3 maggio, ore 15.00 – Nella suggestiva sala di Palazzo Sorbello ha avuto luogo l’incontro moderato da Giampaolo Colletti e dedicato all’importanza di raccontare storie efficaci tanto nel giornalismo quanto nella comunicazione d’impresa. Alla discussione sono intervenuti Giovanna Cosenza, docente all’Università di Bologna, la giornalista Tiziana Prezzo, Angelo Miotto – direttore di Q Code – e Mark Little, dall’Irlanda, fondatore di Storyful.
“Le storie non raccontano semplicemente una serie di fatti, ma sono uno strumento fondamentale del pensiero e permettono all’uomo di orientarsi”, introduce la Cosenza. In un contesto digitale di overdose da informazione, la comunicazione ricorre sempre più spesso alla narrativa per raggiungere il proprio pubblico in maniera più realistica. Umanizzare una storia significa renderla più accessibile, coinvolgente dal punto di vista emotivo, e per questo più efficace. Il corporate storytelling dimostra quanto sia importante per un’azienda sapersi raccontare nel modo giusto – come accadde per Procter & Gamble con la campagna sul ruolo delle madri, realizzata in occasione delle Olimpiadi di Londra 2012 – e il rischio di scegliere la narrazione sbagliata, come dimostra il flop della campagna Enel #guerrieri, che estetizzava in modo errato i problemi quotidiani.
Anche nel mondo del giornalismo, dichiara Tiziana Prezzo, si parla da tempo di “serializzazione” dei contenuti, di atomizzazione delle storie in micro-episodi che sono fruibili attraverso i nuovi media e soprattutto creano più engagement. I lettori entrano più facilmente in connessione con i temi trattati, fino a casi di vero e proprio “storytelling collettivo”, dove il giornalista struttura una narrazione dell’evento a partire dalle testimonianze delle persone che vi hanno preso parte. Il mondo è pieno di possibili storie, vanno solo individuate e sapute strutturare: un elemento fondamentale delle narrazioni è la presenza di un nemico, e in tutti i luoghi di guerra è possibile costruire storie efficaci, narrate in modo strutturato.
Si parla quasi di “giornalismo sociale”, a proposito del quale interviene Angelo Miotto, che con il progetto editoriale Qcode intende “riprendersi il tempo di ascoltare le storie” in un’epoca dove il giornalismo risponde quasi solo a esigenze di velocità. In questo modo si invitano gli utenti a raccontare le proprie esperienze, come nel caso della rubrica “(af)fondata sul lavoro”, che raccoglie storie di disoccupazione e precariato.

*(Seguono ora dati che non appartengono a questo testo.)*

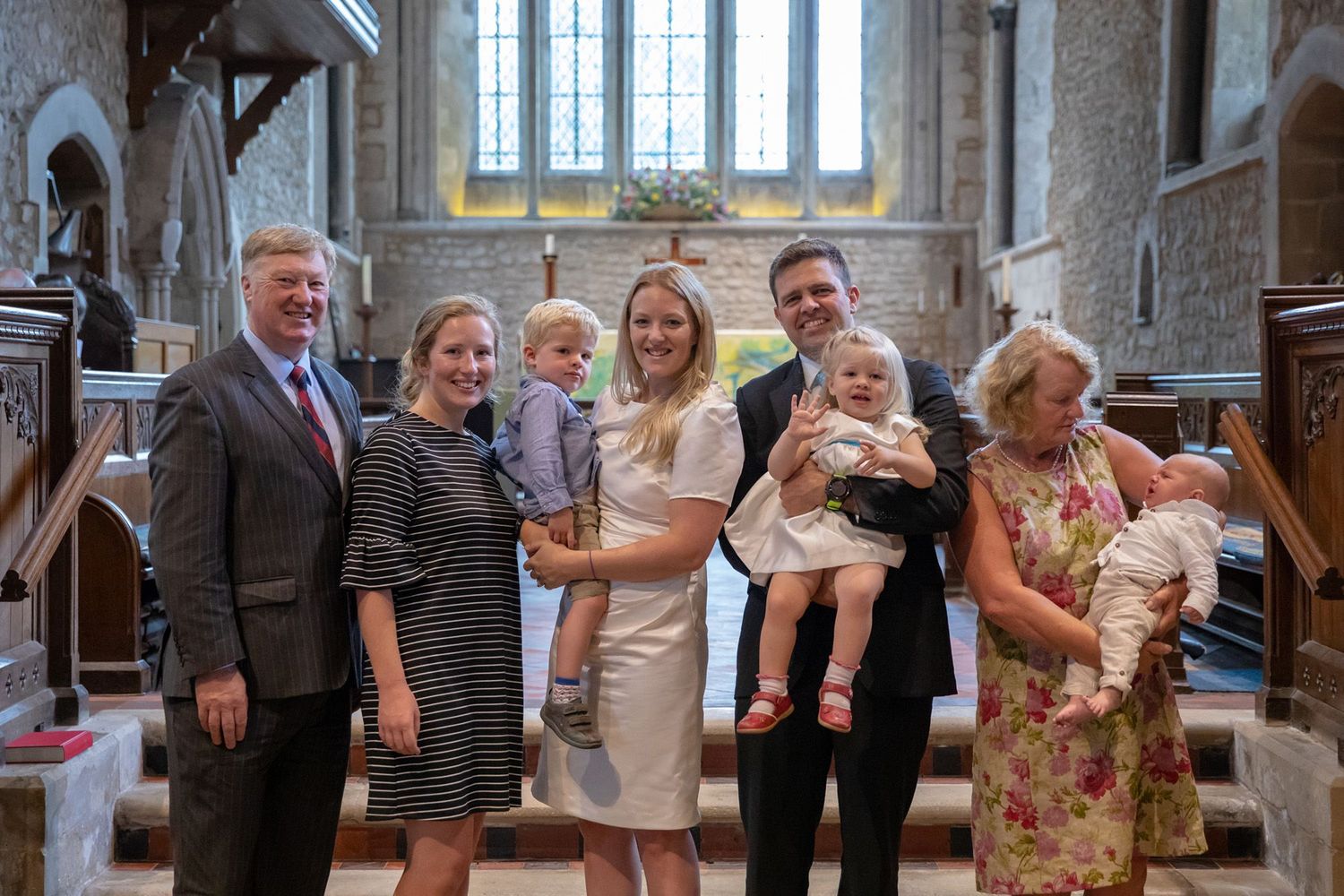 Family gathering inside a historic church with gothic architecture and stained glass windows.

Le tecnologie odierne permettono a tutti di produrre storie pur non essendo giornalisti, ma la mole di contenuti postati dagli utenti necessita un’attenta attività di selezione. Questa è anche l’esperienza di Mark Little con Storyful, la piattaforma di curation che seleziona il meglio delle storie in rete e diffonde molti video, poiché “lo storytelling deve adattarsi ai nuovi modi di consumare l’informazione, che oggi si spizzica e passa soprattutto dai device mobili”.

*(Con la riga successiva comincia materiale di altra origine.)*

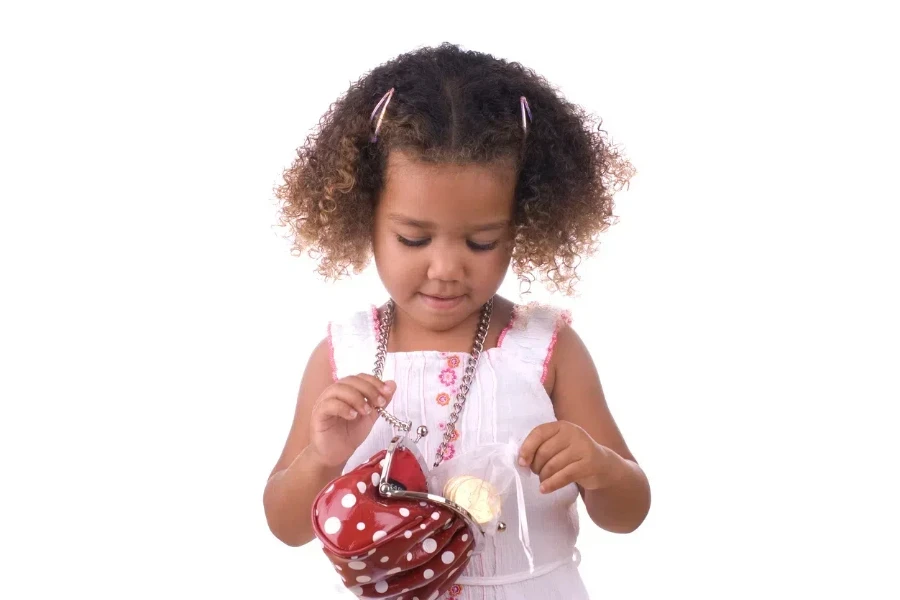 Young girl with a polka dot purse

Come si costruisce una storia efficace? È fondamentale scegliere le emozioni giuste da trattare: spesso – soprattutto nella comunicazione sociale – domina la tristezza, un sentimento universale che tuttavia non provoca alcuna reazione né desiderio di condivisione. Ciò che crea engagement e lo stimolo a interagire con gli altri è la sorpresa, l’umore o la rabbia, poiché si tratta di emozioni che inducono all’azione. Da evitare anche il registro aggressivo: “siamo tutti assuefatti dalle storie urlate a gran voce: drammatizzare troppo fa perdere credibilità e può diventare addirittura trash” – afferma la Prezzo. Giovanna Cosenza conclude sul futuro dello storytelling, che ruota intorno a tre parole: convergenza – fra vecchi e nuovi media –, multimedialità – cioè ambienti di comunicazione multiformi che devono essere integrati – e polifonia di linguaggi, in un giusto equilibrio fra storie brevi e narrazioni più complesse.